WHAT IS NEEDED:
Nothing outside the range is to be copied. From the entries below, reproduce exactly the lines starting at the one with "Vendas digitais devem" and ending at the one with "Indian Ringneck Blue", without pictures.

DATA LISTING:
______

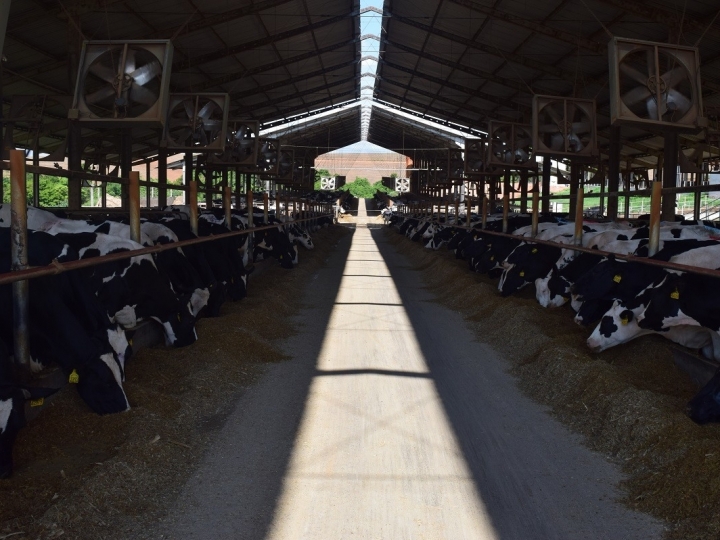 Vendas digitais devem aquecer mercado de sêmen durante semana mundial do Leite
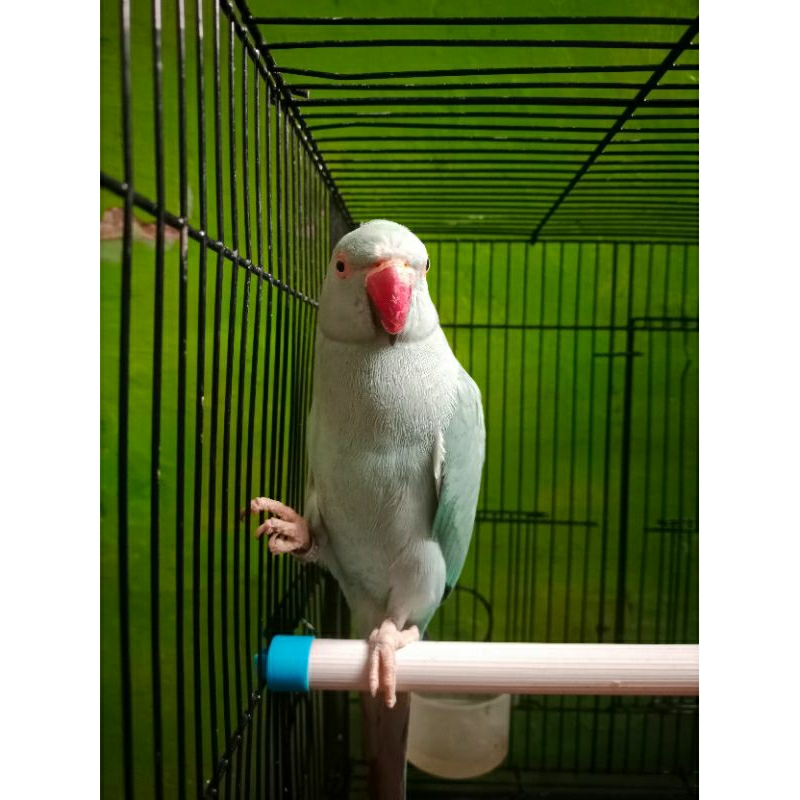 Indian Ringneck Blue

______

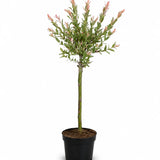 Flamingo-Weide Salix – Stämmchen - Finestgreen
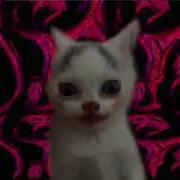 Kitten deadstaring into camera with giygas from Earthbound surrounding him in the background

______

TASK RESPONSE:
 Vendas digitais devem aquecer mercado de sêmen durante semana mundial do Leite
 Indian Ringneck Blue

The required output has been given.